In high school, I called myself pro-life. I had always been told abortion was wrong, and I knew instinctively that the preborn were living human beings (though I knew none of the science). Thus, it would follow that the killing of these people was wrong. In my small, Christian, conservative, West Texas town, being pro-life was just assumed. I cannot remember any person ever calling themselves pro-choice or challenging the pro-life belief while I lived there. There was no pro-life group associated with my school or church, I guess because no one ever saw the need to start one.
Because of this, the only times I ever heard abortion discussed were in church, either when we prayed for an end to abortion or when we had the occasional fundraiser for the local pregnancy help center, though for a long time, I didn’t understand the difference between that and Planned Parenthood or why we supported one but not the other. I never knew what an abortion actually was, never knew any of the laws surrounding abortion, and had never heard a well-articulated reason why abortion was wrong. Abortion was a rare topic of conversation, and the other areas of the consistent life ethic were never talked about. Ever. I was uneducated on pro-life topics and did not go out of my way to do or say anything that reflected my pro-life beliefs.
Halfway through my senior year of high school, a friend’s mother encouraged me to apply for a scholarship for pro-life students. All you had to do was complete a certain number of hours of work with your campus pro-life group each semester and go to Houston for a week for the two summers after you got the scholarship. I figured I would be somewhat involved in the pro-life group anyway, so I might as well try to get a scholarship for it. I also thought if I got this scholarship I would be more likely to go to all the meetings.

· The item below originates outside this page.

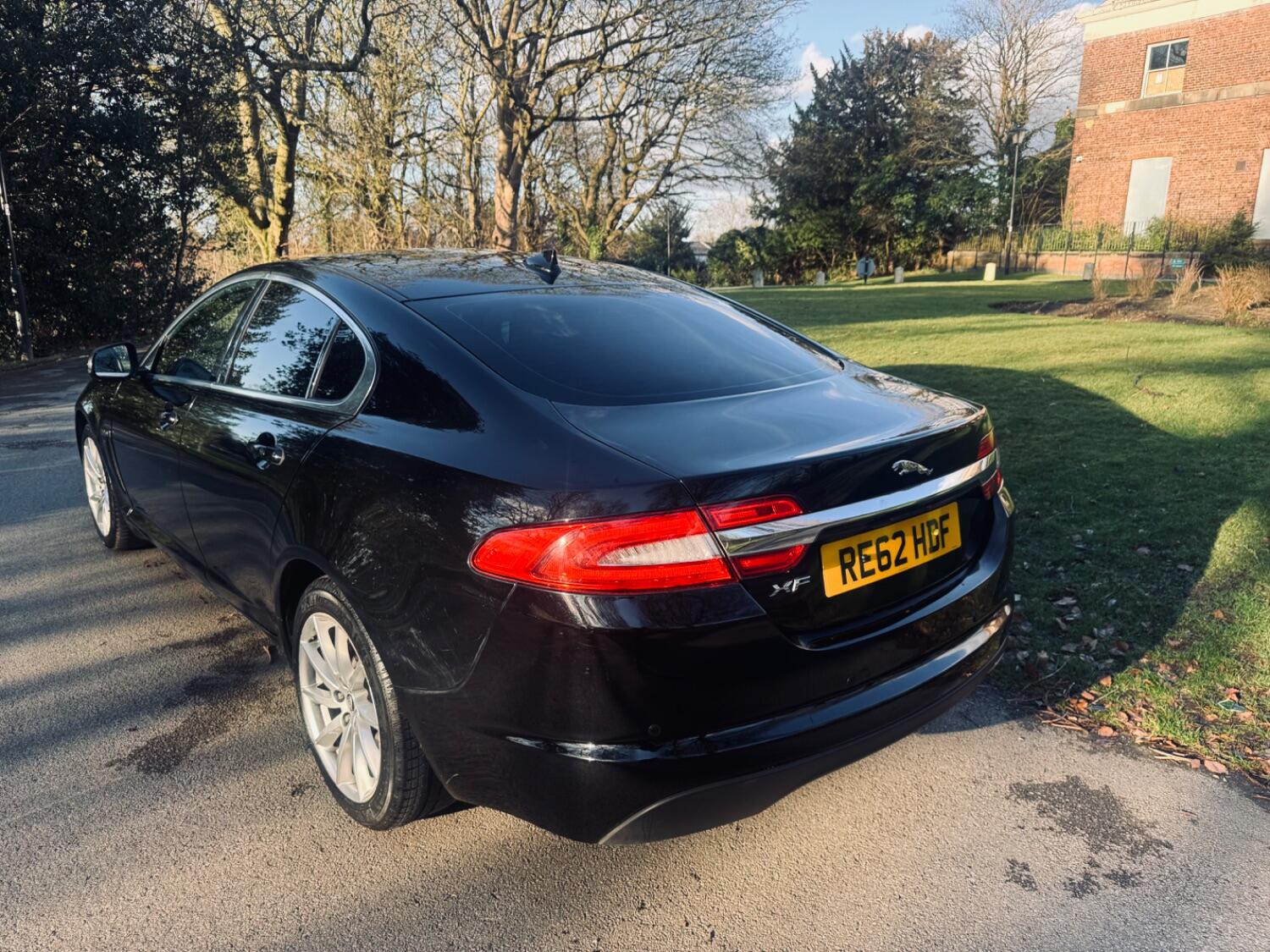 Used Jaguar XF 2012 for sale - 77464489: Photo 4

I applied on the last possible day, completed the necessary phone interview, and was accepted into Texas Right to Life’s Dr. Joseph Graham Fellowship for College Pro-Life Leaders.
Two short weeks after graduation, I was on a plane to Houston for a week of training on pro-life issues with no idea of what I was about to experience. When I arrived, I was the least educated and least passionate one of the twenty-something people there. I was just there, going with the flow, doing what was expected of me. After we all briefly got to know one another, the training started.
Speaker after speaker came in and taught me things I had never heard before. We delved into what exactly an abortion is, how they can be performed (I hadn’t known more than one type existed), the history of abortion in the United States and Texas. We talked about fetal development, how science shows that life begins at conception, how any time chosen for human rights to begin other than conception is arbitrary.
The more I learned about these issues, the more invested I became in the pro-life movement. It started a chain reaction within me; I would learn something and then want to know more about it, never fully satisfied with the information the speakers gave. I wanted to read all the books and articles I could find, gather an arsenal of information I could unleash onto every person I knew, and make everyone realize how important this is. People are being legally slaughtered. Why weren’t more people back home talking about this aspect of the pro-life stance? Why weren’t we doing more about it? Surely, if everyone knew what I knew, it would be different. We could change the culture, change the laws, change the world. Save lives!
When I left the training, all I wanted to do was talk about pro-life things. Did anything else really matter? Pro-life issues were interesting, and if we didn’t talk about them, nothing would change—people would continue dying. As the summer went along, I soon saw that none of the people I was around wanted to talk about it, even when we had the same opinions. Why hadn’t I noticed this before?
And then it hit me—I hadn’t cared before, either. I never wanted to talk about these kinds of things; “pro-life” was just a belief I held in the back of my mind. But what had caused this transformation from apathetic to energetic pro-lifer? Well, I had spent a week with other young adults dedicated to the pro-life mission, but I was still surrounded by people who claimed to be pro-life. Surely that was not the problem. What else happened?
I was given information. I learned what was actually going on. No longer did I simply hold the belief that killing people is wrong. I knew the figures. I knew how it was happening. I knew about the terrible discrimination the abortion business thrives on. I was educated on pro-life topics, and that education had made me passionate.
This is why it is so important to educate people on the consistent life movement. The more information people know, the more willing the are to talk about it and the more passionate they are. The more they talk about it, the number of people who hear the consistent life message—and the number of Consistent Life Ethic supporters—increases. One person who supports the Consistent Life Ethic cannot change the world by themselves, but one person who is well-educated and talks to as many people as possible can change a few minds and start a ripple effect. Education is the key to the consistent life movement.
*The photo above is of my Fellowship class by the Big Blue Bus, Texas's first mobile crisis pregnancy center. The Big Blue Bus is parked on the street across from Planned Parenthood Gulf Coast to provide nonviolent pregnancy help to people in the Houston area.